━━ RECORDS TO PROCESS
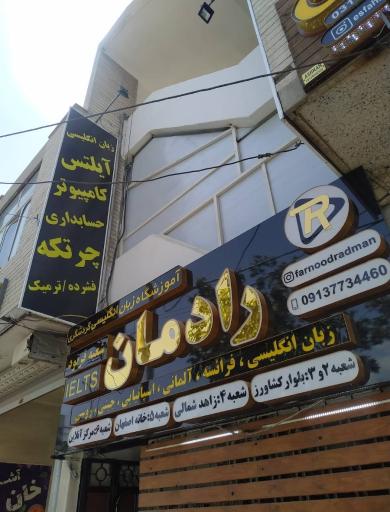 عکس آموزشگاه زبان و کامپیوتر رادمان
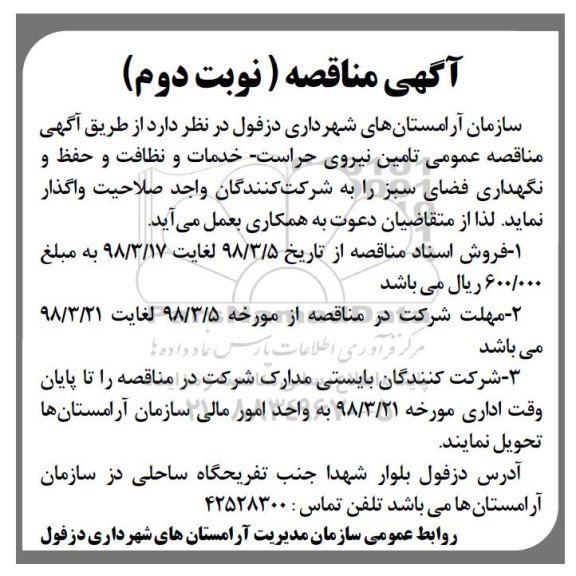 آگهی مناقصه , مناقصه تامین نیروی حراست ...  نوبت دوم 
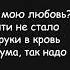 смысловые галлюцинации зачем топтать мою любовь караоке минус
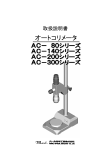 オートコリメータ - パール光学工業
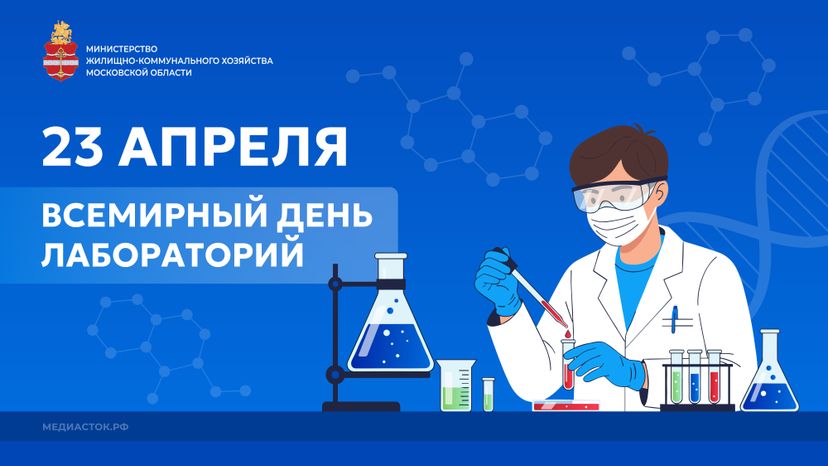 Всемирный день лабораторий горизонталь 03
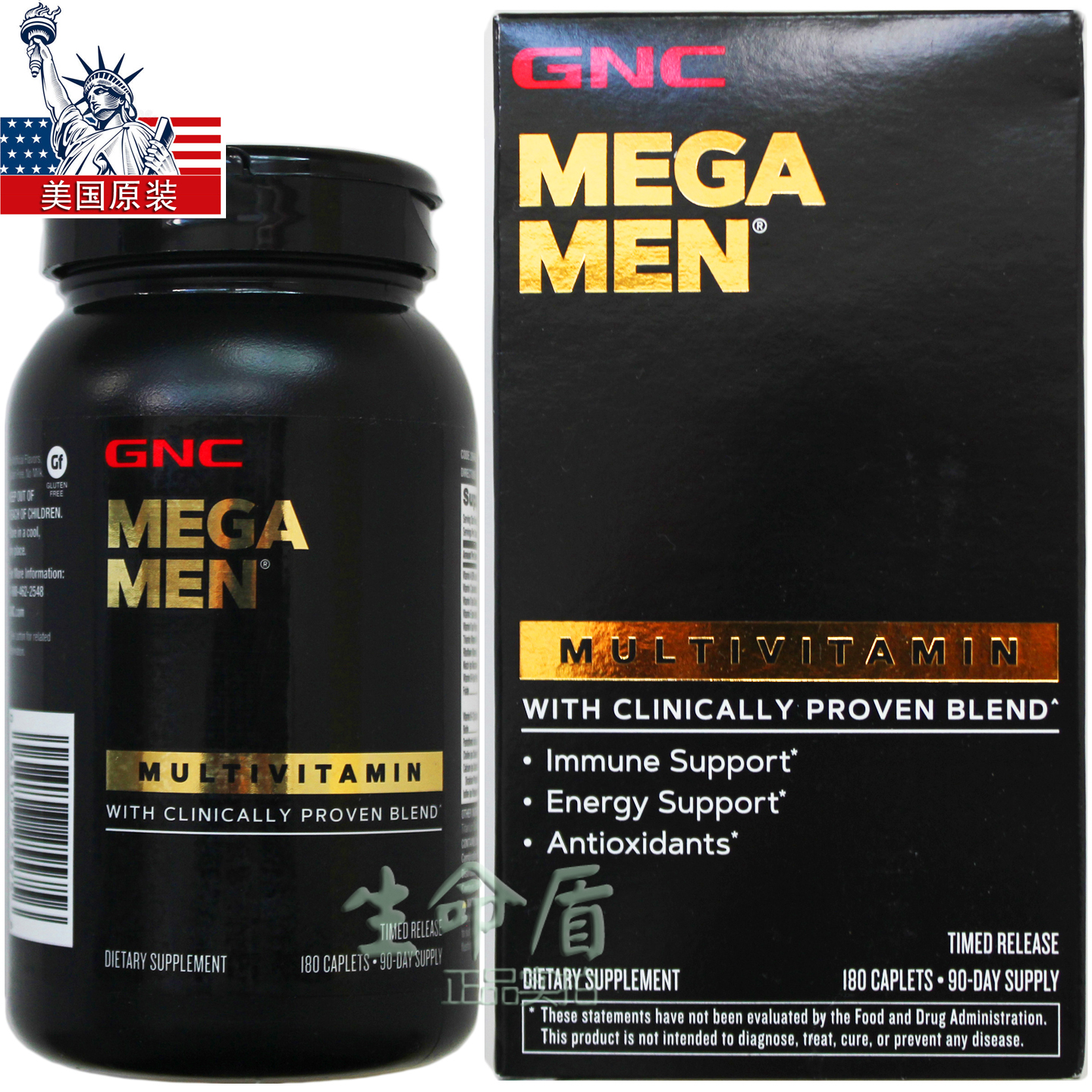 新到26年12男性复合维生素180片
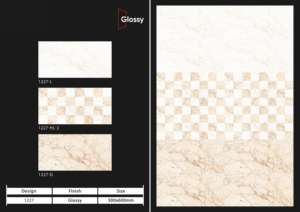 Azulejos de Pared de Cerámica de Alto Brillo de 12x24 Pulgadas (30x60 cm), Superficie Brillante Premium, Decorativos para Interiores, Ideales para Espacios Modernos - Product Image 2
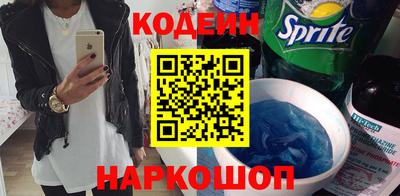 мескалин Бийск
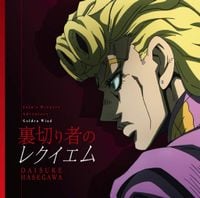 Daisuke Hasegawa - JoJo's Bizarre Adventure: Golden Wind - Uragirimono no Requiem
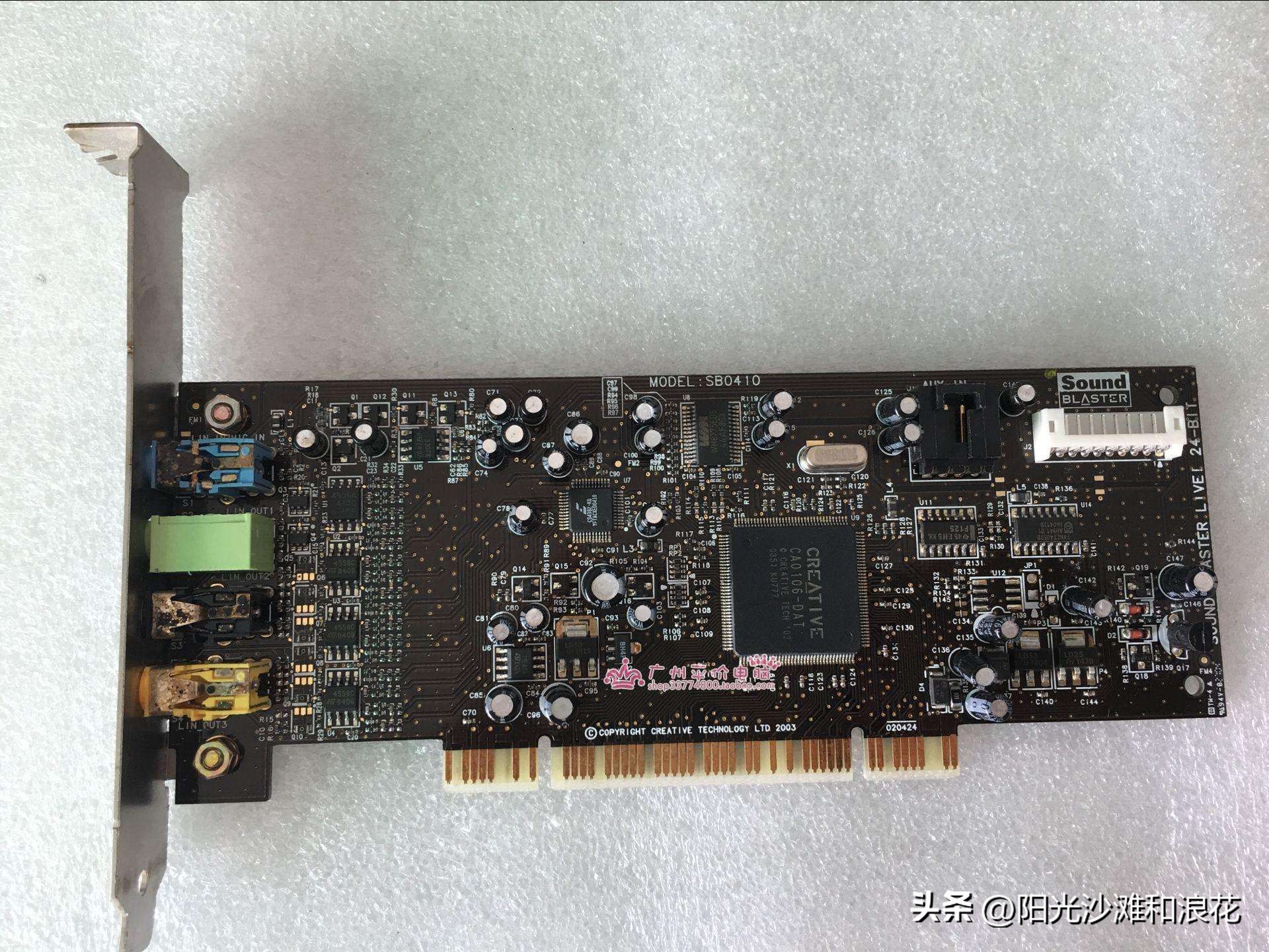 3500元台式机电脑配置推荐,笔记本电脑与台式机电脑比较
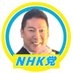 立花孝志　ＮＨＫから国民を守る党　党首 on X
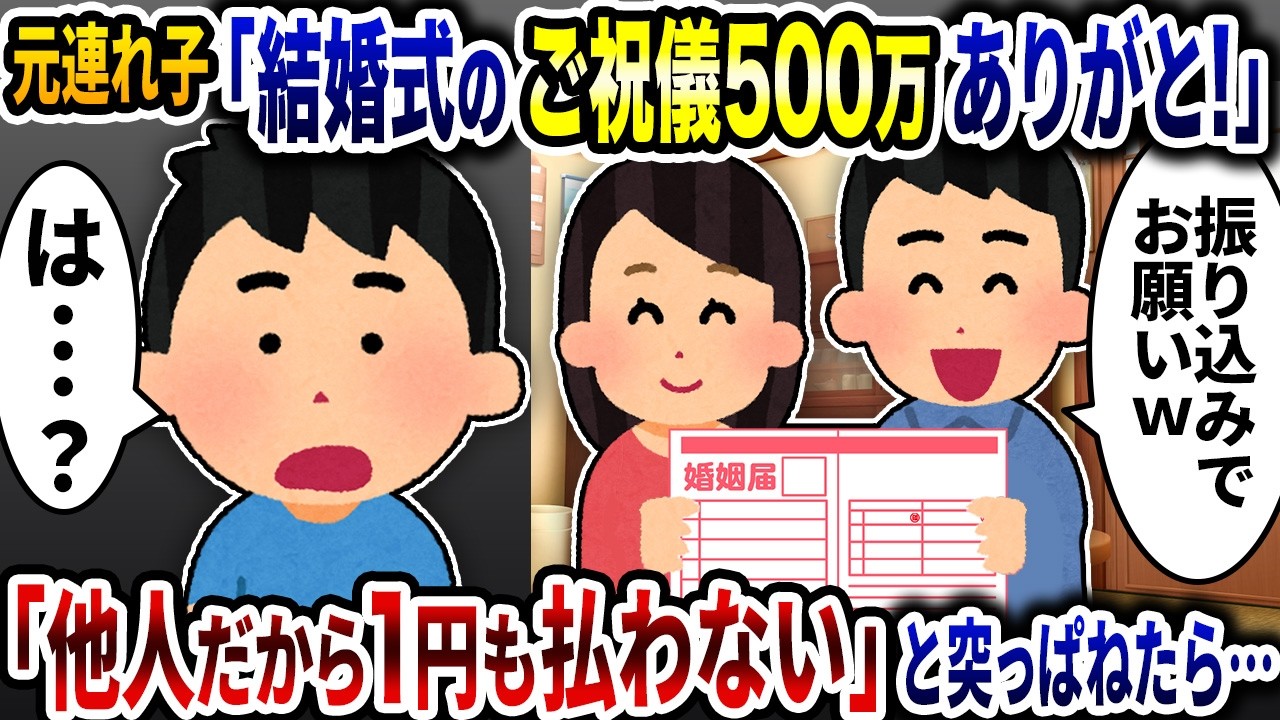 元連れ子「結婚式のご祝儀500万ありがと！」→「他人だから1円も払うわけないだろ！」と突っぱねたら…【2ch修羅場スレ】【ゆっくり解説】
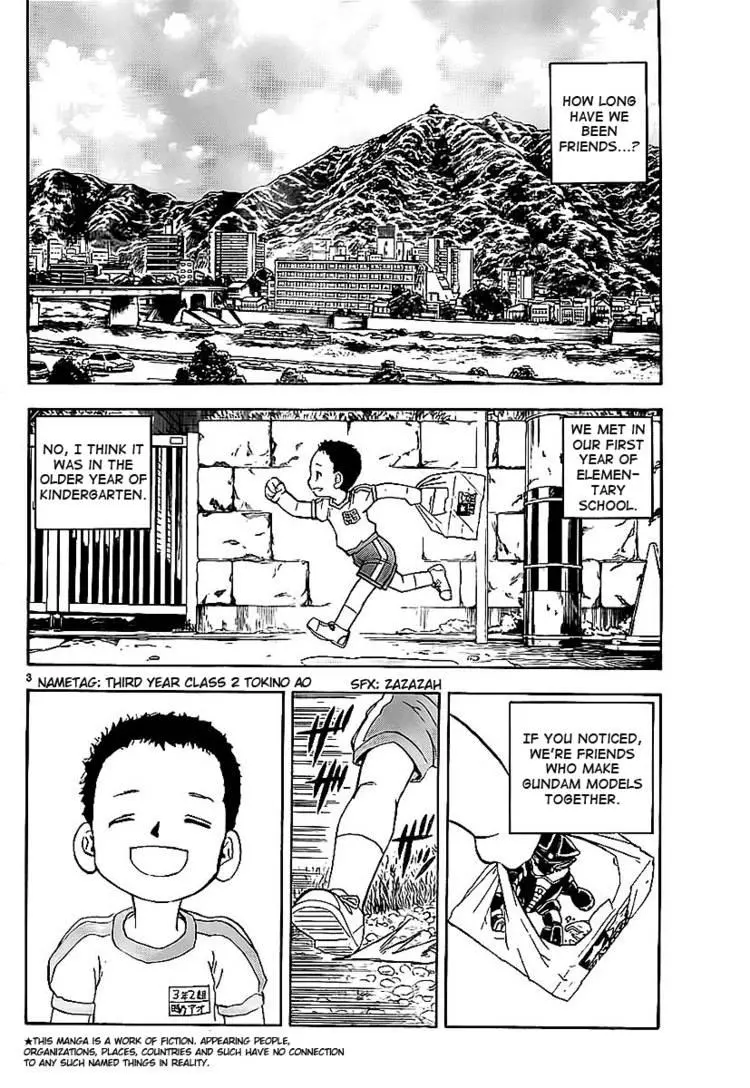 Aosora - Chapter 1 - Page 4
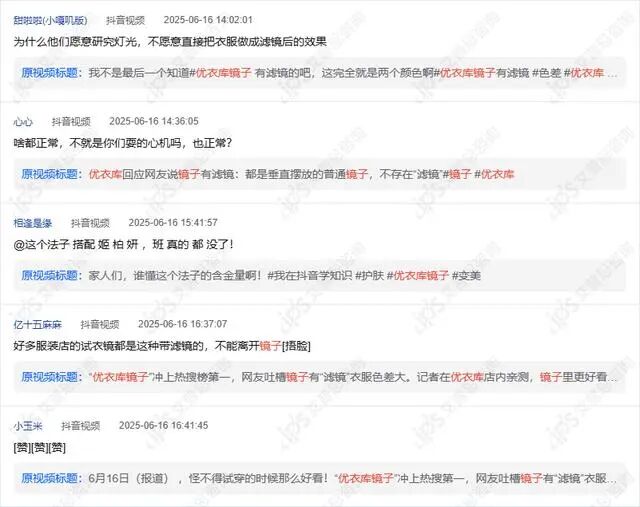舆情报告｜优衣库回应镜子有滤镜事件舆情分析报告-有驾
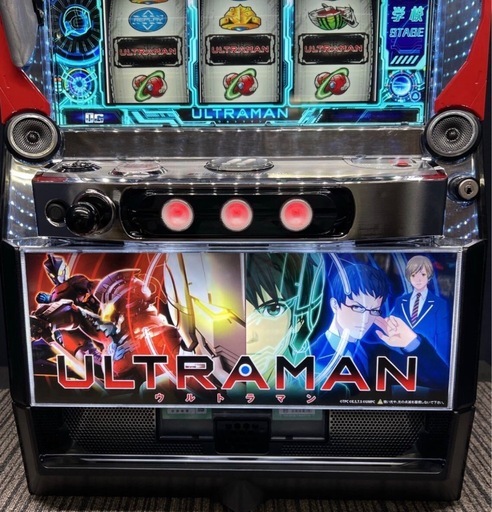スマスロULTRAMAN ウルトラマン実機簡易ユニット付 (アーモンドch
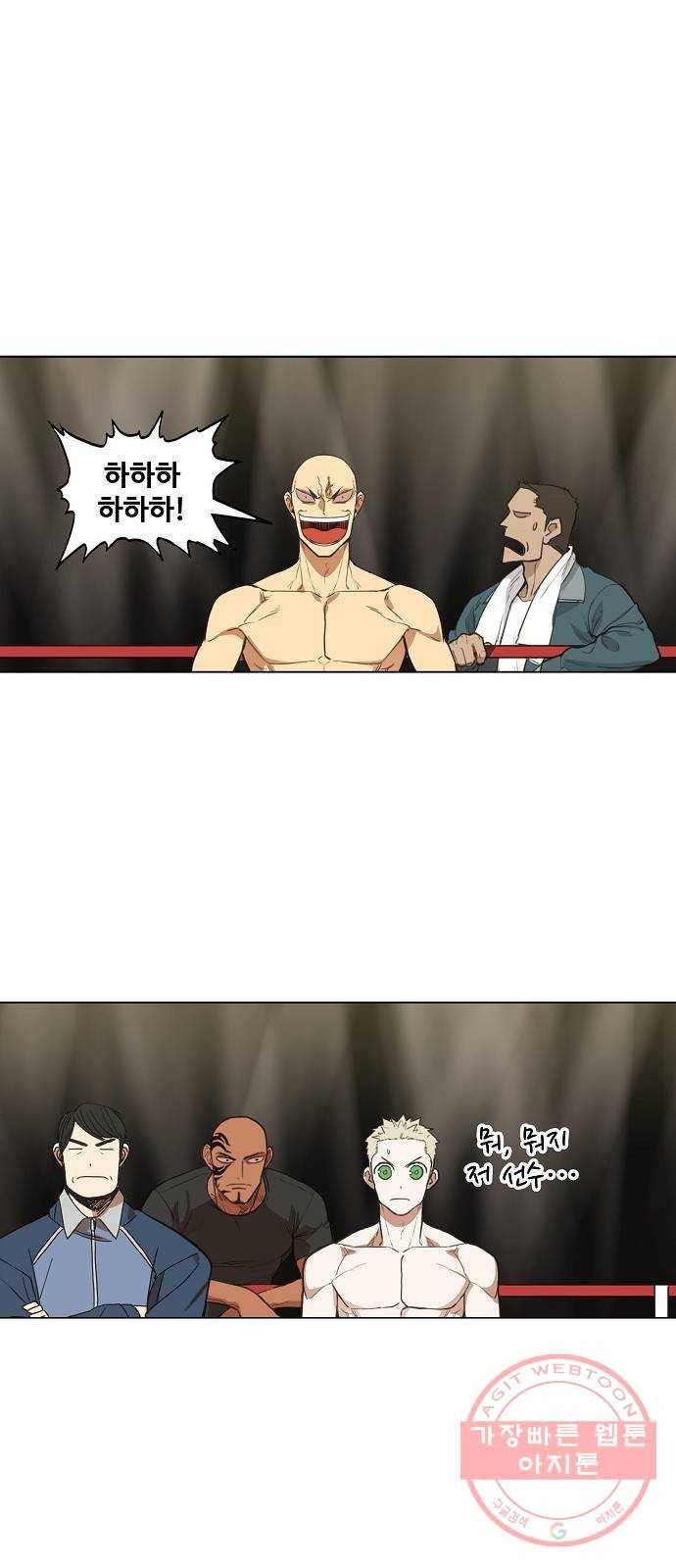 더 복서 외전. 악연(1) 11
━━━━
WHAT THIS TASK INVOLVES = Your task is to return the lines above, from the first one up to and including the line containing "мескалин Бийск", minus any pictures.

SOLUTION TO THE EXERCISE =
 عکس آموزشگاه زبان و کامپیوتر رادمان
 آگهی مناقصه , مناقصه تامین نیروی حراست ...  نوبت دوم 
 смысловые галлюцинации зачем топтать мою любовь караоке минус
 オートコリメータ - パール光学工業
 Всемирный день лабораторий горизонталь 03
 新到26年12男性复合维生素180片
 Azulejos de Pared de Cerámica de Alto Brillo de 12x24 Pulgadas (30x60 cm), Superficie Brillante Premium, Decorativos para Interiores, Ideales para Espacios Modernos - Product Image 2
 мескалин Бийск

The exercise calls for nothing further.